The popularity of yakgwa does not depend on the power of nostalgia of those who had enjoyed it in their youth, but rests on the back of the “newtro” trend sweeping across the youth in Korea.
It is defined by reinterpretation of vintage or retro lifestyles, which means yakgwa is back — but it has taken on a new form in the recent craze.
Yakgwa trend among young
Booking concert tickets online for popular singers in Korea is a challenge that borders on impossibility: singer IU recently uploaded a video of her booking tickets for her own concert, which showed the seats disappearing within seconds of sales opening.

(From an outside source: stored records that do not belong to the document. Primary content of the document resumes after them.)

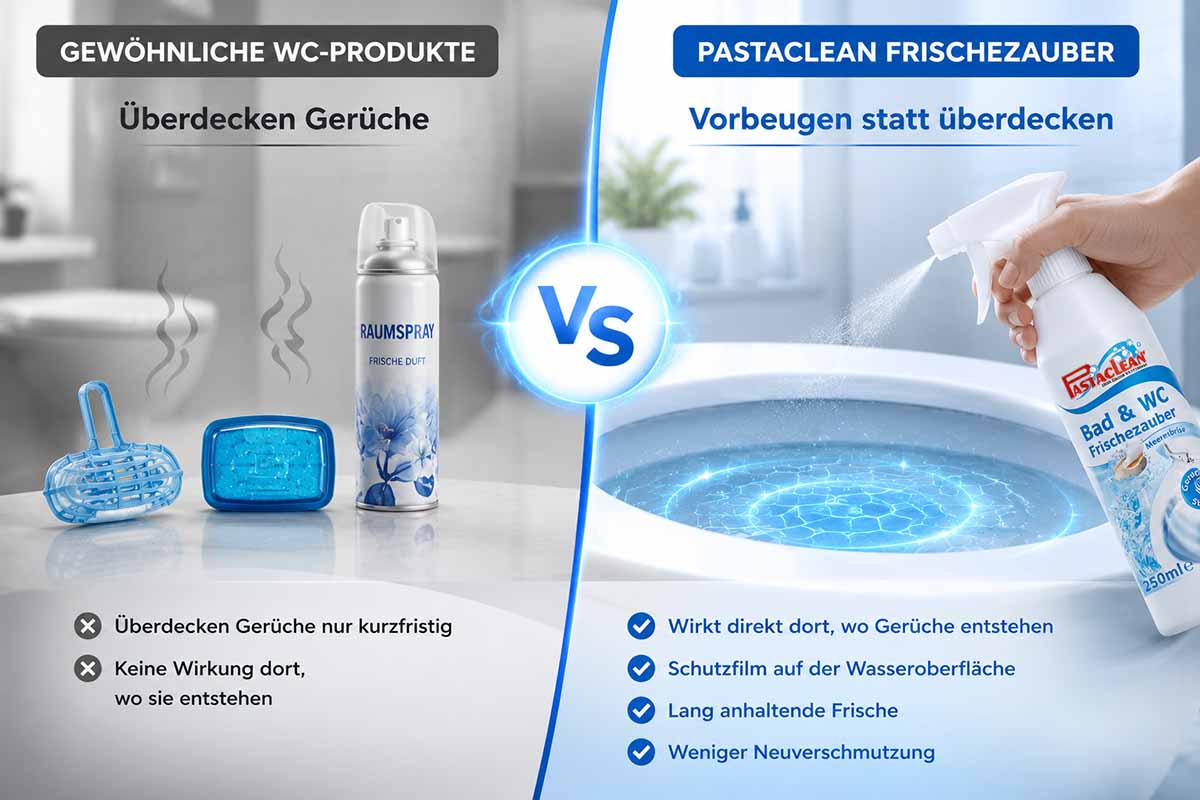 Vergleich von WC-Produkten: Links gewöhnliche Produkte wie Raumspray, rechts Pastaclean Frischezauber Bad- und WC-Reiniger. Vorteile von Pastaclean: Direktes Wirken gegen Gerüche, Schutzfilm, langanhaltende Frische, weniger Verschmutzung.
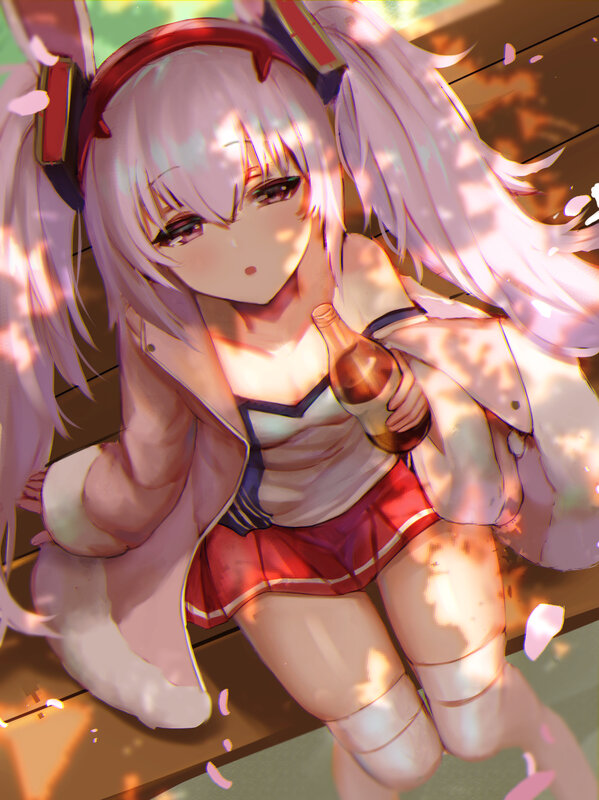 Anime Girl with Headphones — Pink, Calm, Spring, Digital Art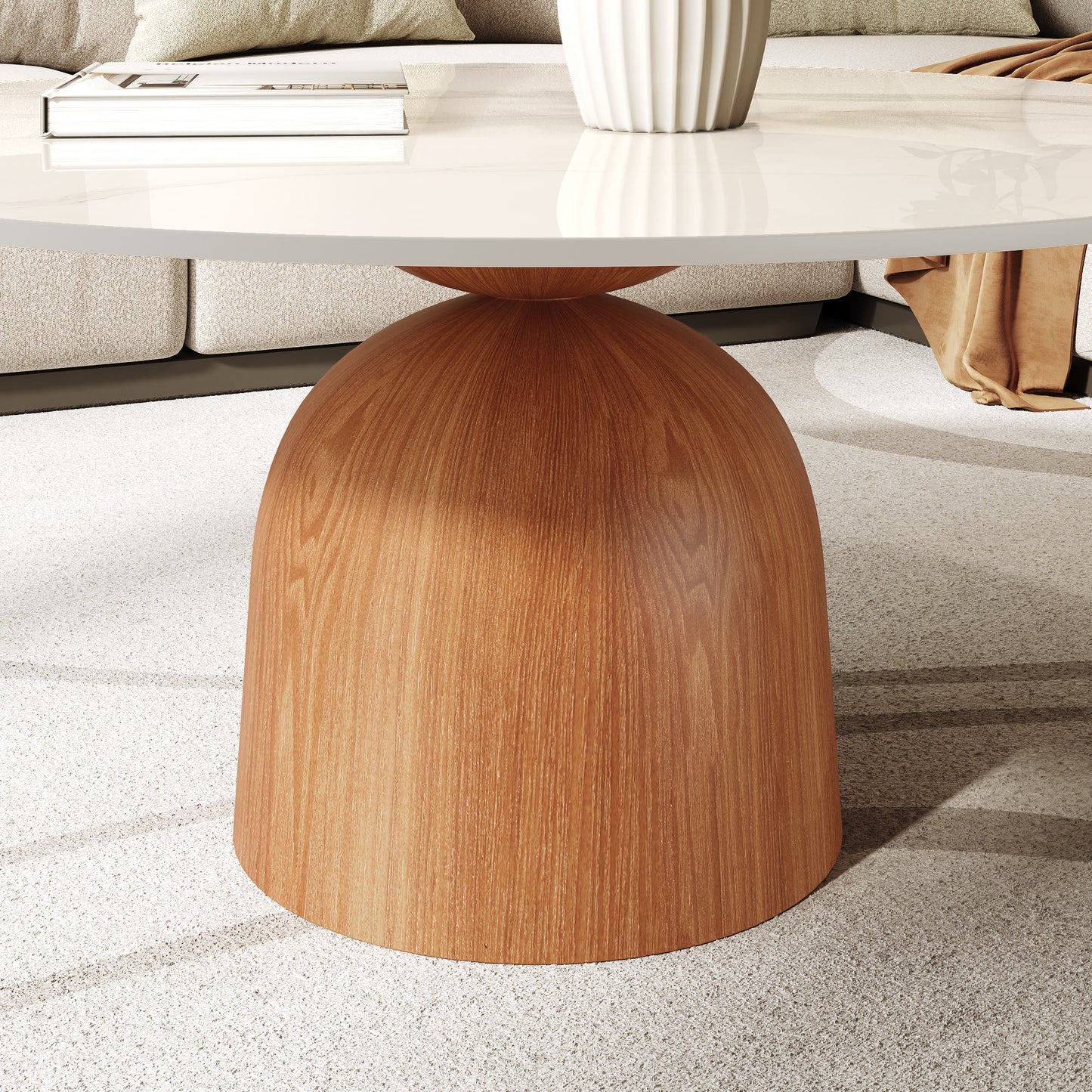 Ownkoti Farmhouse Round Coffee Table Solid Wood Side Table Living Room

The newly coined “yak-keting” — “yakgwa” plus “ticketing” — refers to the act of frantically clicking for online reservations of yakgwa snacks from popular bakeries.
Boutique companies such as Jangin Hangwa take online reservations for yakgwa products at 5pm on Mondays, Wednesdays and Fridays, which become fully booked within moments.
Popular yakgwa brands usually add their own signature touches to differentiate themselves from other products.
Bomnal&Yakgwa features frozen yakgwa promoted as “crunchy on the outside and chewy on the inside,” and like other popular yakgwa online shops, sells their products on a reservation basis.
The brand’s owner is an influencer who is among those who made yakgwa cool for the younger generation — YouTuber Jeong Hye-yeong, who goes by “Yeosu Unnie.”
The YouTuber has been a yakgwa advocate, collaborating with Hyundai Department Store for a pop-up shop while introducing yakgwa recipes.
Yakgwa’s nationwide popularity is nothing new. In fact, Goryeo King Gongmin actually issued a countrywide ban on making yakgwa in the 14th century, as excessive yakgwa consumption was causing a shortage of wheat, honey and sesame oil.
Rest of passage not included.